Did Nvidia stop at adding DirectX 11 and enough hardware to make Tessellation more feasible? No, Nvidia redesigned the cache setup, tossed some heat pipes on the GTX-480, and added C++ support for CUDA. The list of improvements to GF100 goes on and on.
Nvidia took what they learned from the G90/G92 cores and applied it to GT200. Then they took what they learned from both G90 and GT200 and asked game developers what they needed, and they thoughtfully checked with the scientific community to see what those folks needed. Then they cracked out the magic 8 ball and peered into the future and made some heavy bets on the direction that GPU computing should take.
In that peek into the future they saw Tessellation, computer generated film quality gaming, extreme AA/AF setting that go up to 32x then on the 7th day they decided to toss GDDR5 on GTX-480 with a 384 bit memory buss.
No, it’s not a photoshop composite we stole off a overseas website.
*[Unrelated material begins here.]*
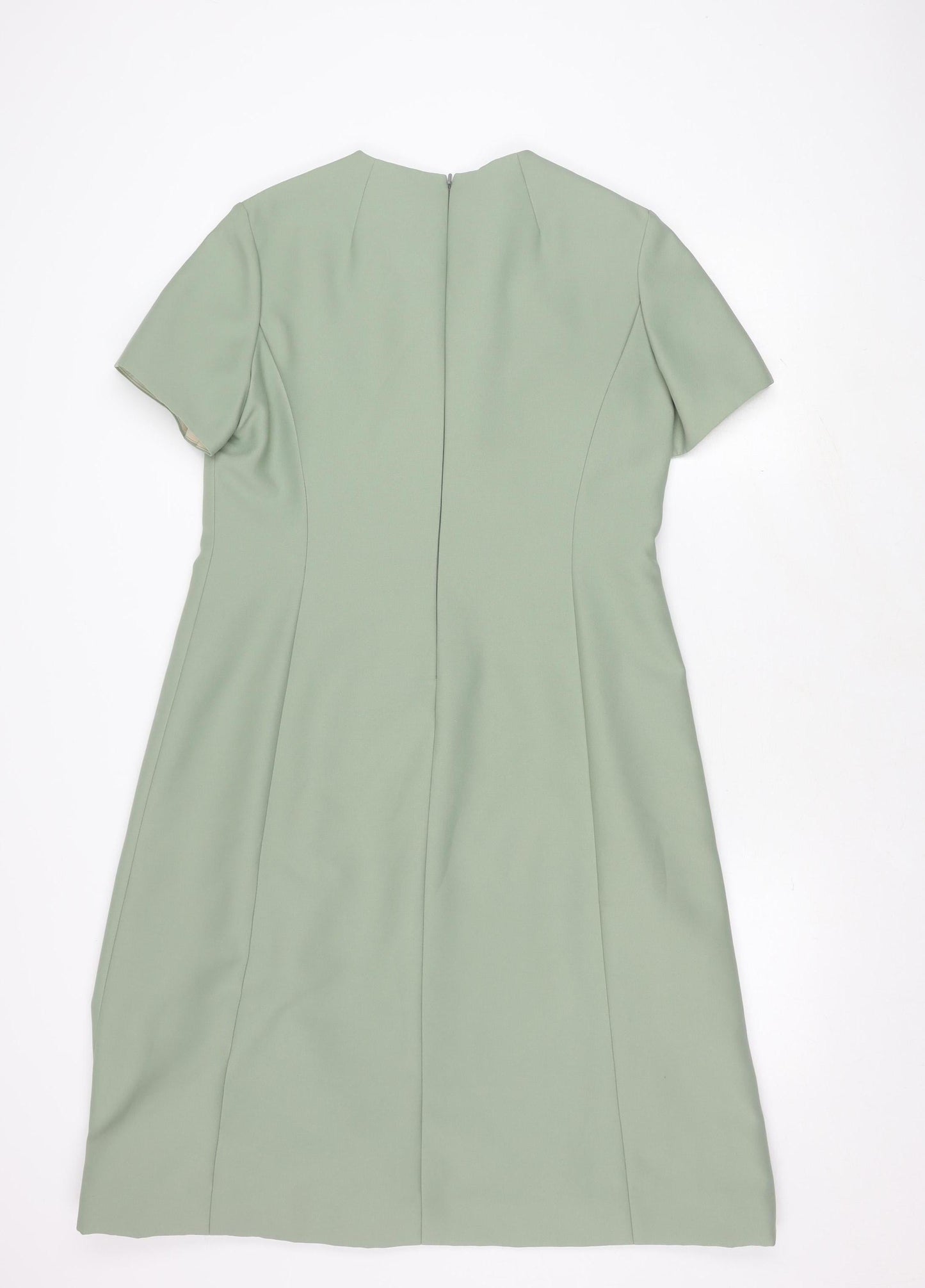 Peggy French Couture Green Women's Dress Size 18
No it’s not a artists rendering shot stolen off of Fudzilla it’s the real deal. It’s here and we are benching it until it screams for mercy or they stop making Red Bull. The GTX-480 is expected on E-Tailer sites soon priced at $499 USD MSRP. Discount sites might have them a little cheaper but it’s not the infamous $699 so many sites misreported in a frenzy to attract more readers at the cost of damaging their reputation.
We don’t have a GTX-470 in house right now but we have photos of one and yes they are real. Bjorn3D doesn’t play the rumor mill game. This is the real deal and it is what reference GTX-470 will look like. We have requested a GTX-470 and as soon as one hits the door, we will burn the candle at both ends to get you a review on it.
Expected to debut at $350 USD MSRP the GTX-470 combines the power of the redesigned GF100 core in a more price friendly package. With ATI’s 5850 being spotted in the $300 price range we would expect performance to top the 5850 in raw power, and with the redesigned GF100 core aimed squarely at Tessellated games and applications, it should lend itself well to heavily graphic intensive games. Both GTX-480 and GTX-470 will also run rings around any previous generation of GPUs when it comes to Ray Tracing (Sunshafts, God Rays commonly use Ray Tracing).
It’s not often a GPU brings tears to our eyes but this one did. It was that or the onions being cut in the next room we aren’t sure.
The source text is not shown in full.